Provided material:
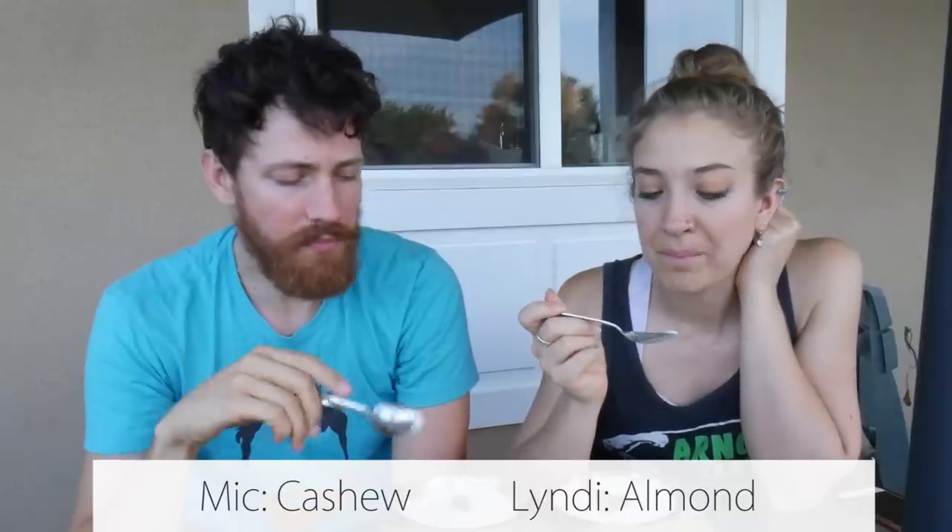Now we're trying the next one — cashew. Super creamy. The almond has a mealy texture for her. She comments she doesn't know how it was made. Somebody was commenting that I just work really hard and make her food, which is funny because she has a full-time job — and I actually have more than one job. So it's ironic.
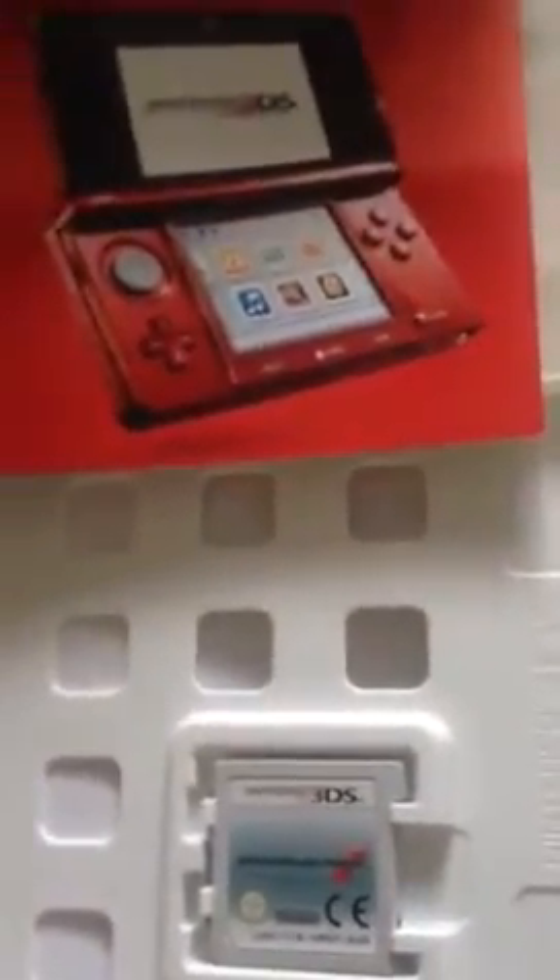Let's see what else is in here — probably just a catalog. Yep, a catalog of titles, and just some important information from Nintendo.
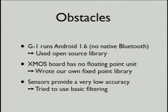We did come across a few problems. The phone we had, we could only put Android 1.6 on there, which doesn't actually have Bluetooth capability. So we weren't necessarily sure if we were going to be able to even send the data we wanted to. Luckily, we found an open source library, which was quite convenient.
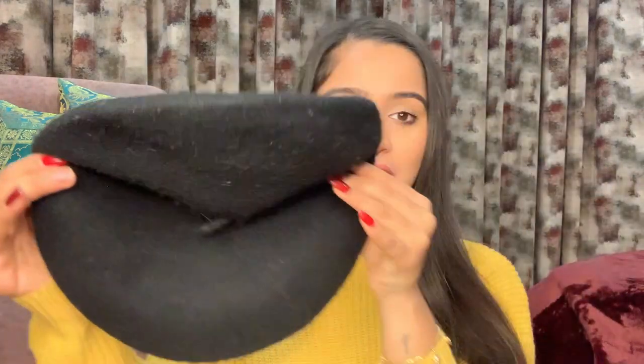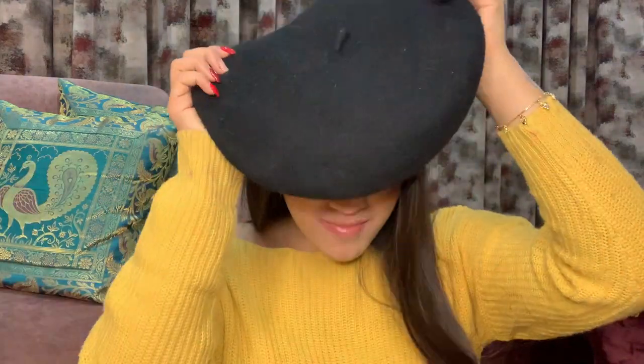Beret caps should be in every girl's winter wardrobe — it's a must. I love beret caps and literally every year I get one in a different color. We'll start with this basic black beret cap. The fabric is really good. I got this one from Shein. I've styled it on my hair — you can see how nice it looks. It will give your whole outfit a beautiful look. Even with a simple outfit, you will rock it. Trust me.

Exercise requirements:
Within the material above, only the stretch from the line holding "Let's see what" through the line holding "We did come" is to be restated exactly. Pictures are dropped.

Exercise answer:
Let's see what else is in here — probably just a catalog. Yep, a catalog of titles, and just some important information from Nintendo.
We did come across a few problems. The phone we had, we could only put Android 1.6 on there, which doesn't actually have Bluetooth capability. So we weren't necessarily sure if we were going to be able to even send the data we wanted to. Luckily, we found an open source library, which was quite convenient.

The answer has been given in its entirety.